I told him I am excited to speak with him, as he obviously has more experience on this particular subject. I was differential as academic ego demands, showing him the respect he deserves, but in tone -- I remained an equal.

I made my case, and he cut in, asking "Can you explain what you have in mind? We ran a conference on this four years ago. Do you have something new to warrant an event?"

"No," I answered honestly in an interrupt of my own. He apparently didn't expect that, so I asked to continue my pitch, and then did.

A lot changed in the last four years, and even if not, in a university environment four years ia an eternity -- with many new students who would appreciate this event. I had better arguments than these, and as my purpose was cooperation rather than confrontation, I preferred to move on.

I explained how this topic is exciting, how it has direct impact on both higher education as well as real implications for daily life, governance, and the economy. I used two anecdotal examples to illustrate this, and my excitement probably dripped all over him, even over the phone.

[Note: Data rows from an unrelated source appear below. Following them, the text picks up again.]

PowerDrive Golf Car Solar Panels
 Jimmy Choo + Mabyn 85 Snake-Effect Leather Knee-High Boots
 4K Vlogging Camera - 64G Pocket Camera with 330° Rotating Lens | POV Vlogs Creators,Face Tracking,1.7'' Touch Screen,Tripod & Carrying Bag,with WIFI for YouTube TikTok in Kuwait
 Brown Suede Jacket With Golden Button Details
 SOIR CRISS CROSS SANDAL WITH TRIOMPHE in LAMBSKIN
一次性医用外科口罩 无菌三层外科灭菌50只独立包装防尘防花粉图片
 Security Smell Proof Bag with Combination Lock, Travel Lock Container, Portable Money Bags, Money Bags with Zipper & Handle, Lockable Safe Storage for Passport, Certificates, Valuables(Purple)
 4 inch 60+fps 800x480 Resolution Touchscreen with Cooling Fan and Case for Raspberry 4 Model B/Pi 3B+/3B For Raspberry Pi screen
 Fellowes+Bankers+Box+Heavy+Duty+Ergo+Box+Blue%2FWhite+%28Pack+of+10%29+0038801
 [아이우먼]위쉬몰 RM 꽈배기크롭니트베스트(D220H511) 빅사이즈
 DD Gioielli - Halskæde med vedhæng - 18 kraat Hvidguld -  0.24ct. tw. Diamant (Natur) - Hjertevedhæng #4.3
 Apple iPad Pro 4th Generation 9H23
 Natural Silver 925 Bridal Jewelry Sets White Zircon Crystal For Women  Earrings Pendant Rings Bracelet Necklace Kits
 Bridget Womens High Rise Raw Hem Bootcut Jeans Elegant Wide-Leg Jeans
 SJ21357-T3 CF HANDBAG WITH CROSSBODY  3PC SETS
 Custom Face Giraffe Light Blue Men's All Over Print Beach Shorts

"Well," he responded, "let me tell you about an idea I had."

DING DING DING DING DING
Warning bells sounded in my head. "Happily, what's your idea?

He told me about an event he thought of, which sounded interesting. As he spoke I got about three ideas running in my head on the subject, but I listened quietly. "I would like to work with you, and if you can take some time to think of ideas for what we can do at this event, I'd appreciate us talking about them."

Stay on message

"Of course," I said, "I'd be more than happy to." And I was. "However", I continued with the same breath, "this conversation is about the first idea, so while I'd definitely like to discuss this with you further later, let's stick to the first one for now."

"Alright." he said, and we discussed a bit further, at which point he said "well, last year we ran a small event on this topic, and there was real innovation there which we could showcase. What will be new here?"

I explained a bit more on why I am excited, and why the topic is relevant, and how such an event can be beneficial. Then I decided to change tactics to show my resolve.

Stay on message, clarify position

"As you know, I am a security professional."

"Yes, that is where I know you from. Security, Internet, Cyber Warfare... Why does this subject interest you?"

"Truth be told," I happily jumped in, "I am excited. I learned to be a strategic person, but at heart, I am a tactical person, energized by excitement. I am excited about this topic, and I am willing to put the time into making this event happen. I will make it happen, but as I know of your vast expertise, I decided I must approach you first."

After more deliberation he asked me "What do you think of my event idea? I'd appreciate your opinion on ideas for it, and we can get back together on this after you think about it."

DING DING DING DING DING
Alarm bells rang again.

"I already thought about it, and have three ideas so far."

"Oh, great! What are your ideas?"

I shared two, as my short-term memory had already erased the third. I told him as much, and I think he believed me, but it could be seen as a lure or a trick. We were extremely friendly. He asked me to email him the third one if I remember it. I promised to do so.

Stay on message

"I'd like however, to finish our discussion of my idea for now, as there is a time constraint."

When he heard I want to get it done within a month rather than a year, he was shocked. I told him how excited I am about the specific speakers I want to bring, and how one of them is leaving the country to join his new wife, and he is a major source of my energy for this. I mentioned how I understand if his events schedule is already closed for the coming year, but wanted to make sure and contact him first.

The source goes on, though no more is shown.